LOL I was talking to my farrier about protection work. He got a super odd look on his face and asked "Are you SURE you want to do that?" :rofl:

Yes. Don't worry. He'll still be a sweetheart. Except when he's not.


----------



## Liesje (Mar 4, 2007)

I have to find a balance because my dogs ARE pets. Other than puppies under a year old, they are not crated at home. They aren't separated from each other and typically aren't restricted from any parts of the house or yard once they're over a year old. They're not closely supervised at all times. Even with all the sports, training, and competing we do, they're still my pets 99% of the time. They are expected to behave in the home and around each other and if they can't handle it, they lose a privilege and we take a few steps back, but I am not of the mind that a high drive sport dog has to be kept crated or kenneled at all times or should run around screaming just because.

One thing that I've done is prioritized where I spend a lot of time and effort doing direct training. For example, I spend weeks, months, maybe even years shaping a safe, fast box turn for flyball and might work on this one specific skill several times a week for 6 months straight. But when it comes to something more "pet" oriented like counter surfing....I don't really do any direct training for that, I simply don't leave food on the counter unattended, and if the dog tries to steal right in front of me, I manage the situation (physically keep dogs out of the kitchen and eating area if we have people over, etc).

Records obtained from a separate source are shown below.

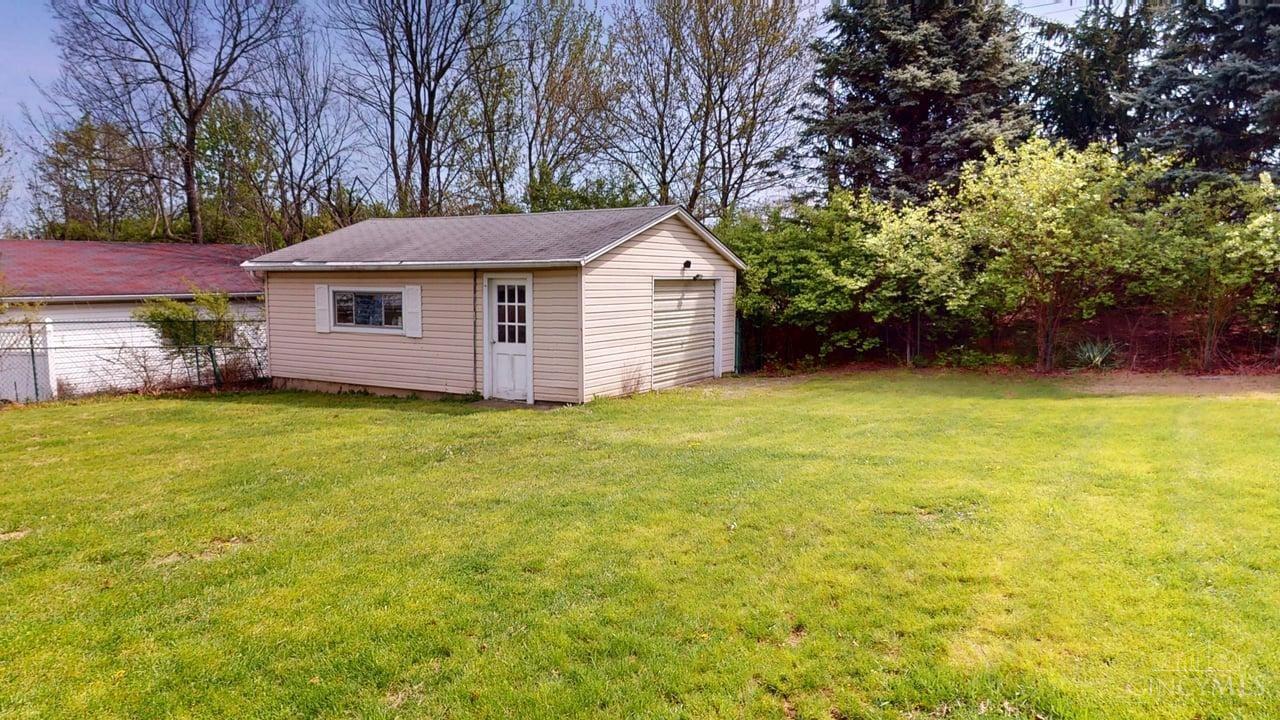 11714 Honeywell Drive, Sharonville, Ohio image 19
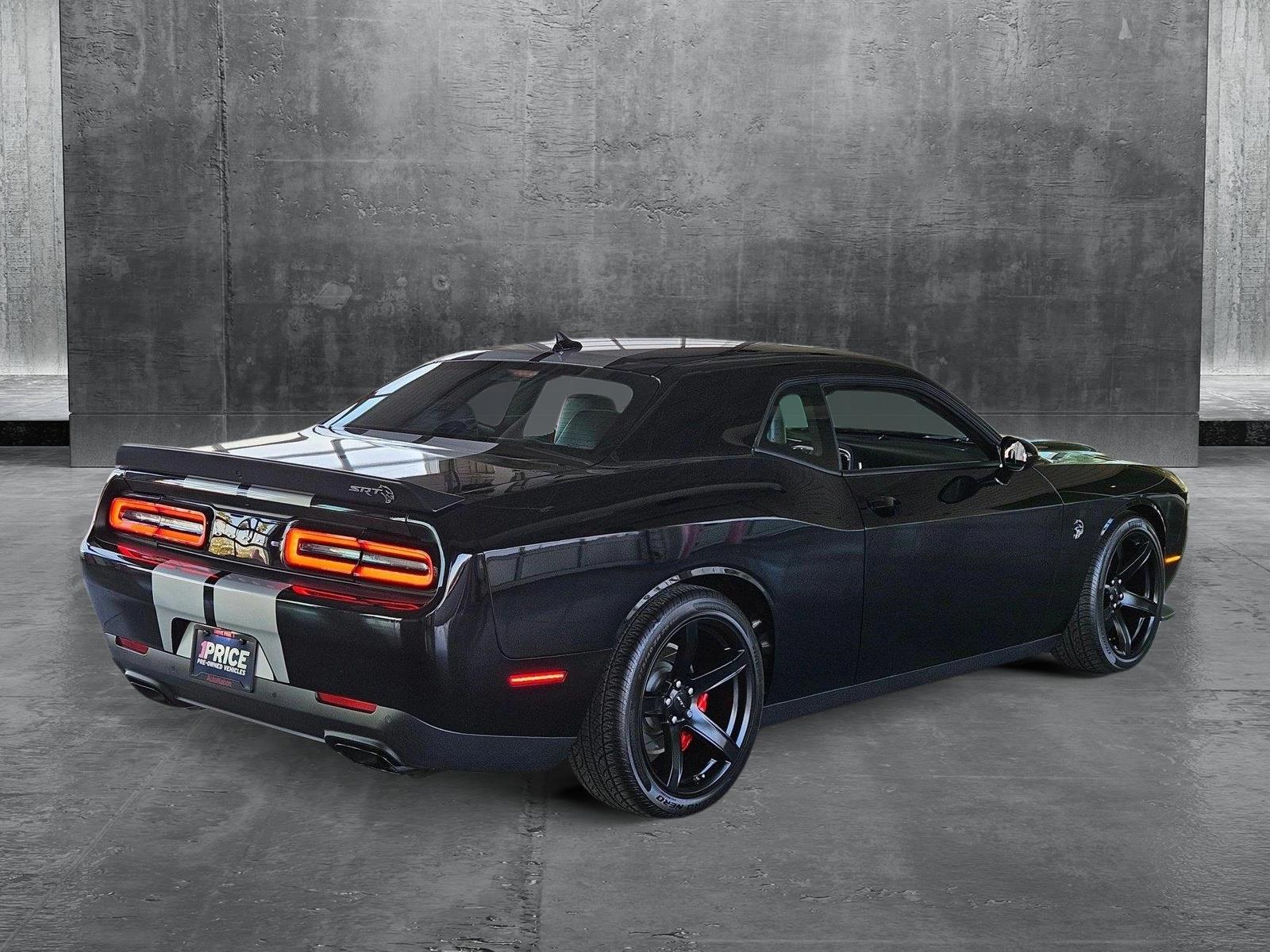 2020 Dodge Challenger Vehicle Photo in Henderson, NV 89014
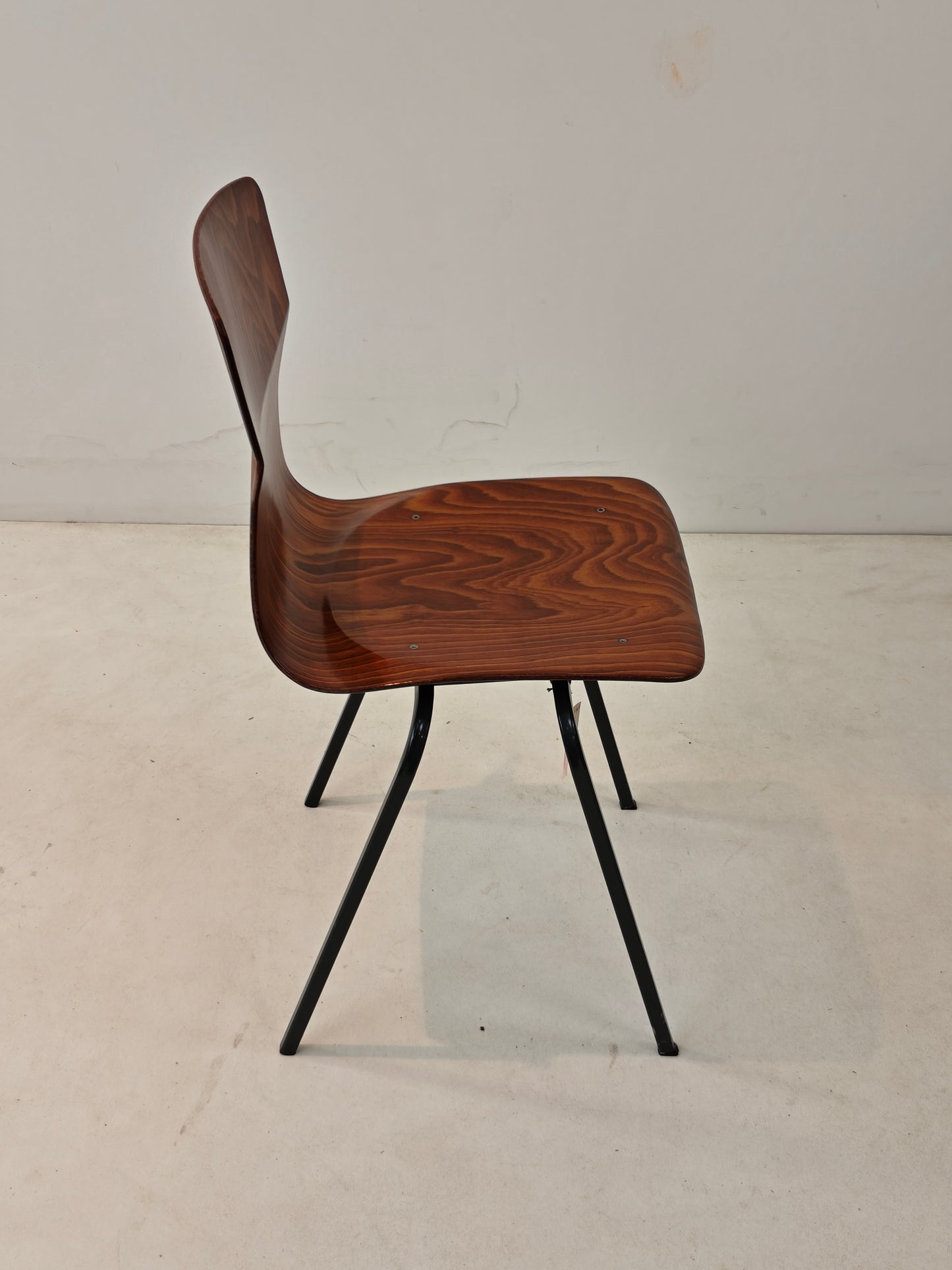 OBO Eromes 6409 stoel – Wijchen, jaren ’60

A lot of people comment how calm, quiet, and well behaved my higher drive sporting dogs are, but not all of that is attributed to focused training, it's more a product of the dog learning routines over time (for example, being quiet and lying calmly in the van even if people walk up to pet the dog or my friend wants a ride over lunch break...this is because my dogs are riding in the van multiple times a week and just get over it) and me managing the situation so that they can't act up when I have friends and family around.


----------



## blackshep (Aug 3, 2012)

Castlemaid, schutzhund was an eye opener for me too! I learned so much from the more experienced trainers, so many things I used to think were wrong, now I have a much better appreciation for a sassy dog. My dog nailed me on a couple of occasions when I was tossing the tug back to the helper. It's not personal, and she's not aggressive, she was in drive and it can happen in training. No biggie.

I'm not talking about those same dogs being allowed to run amok and be obnoxious in the home or around guests (I agree with you on that Liesje), I'm talking about high drive dogs who leak a bit during a race or training when they are in an environment that is really electric or intense and they are being restrained. These same dogs are wonderful in the home, friendly and quiet when crated in the van.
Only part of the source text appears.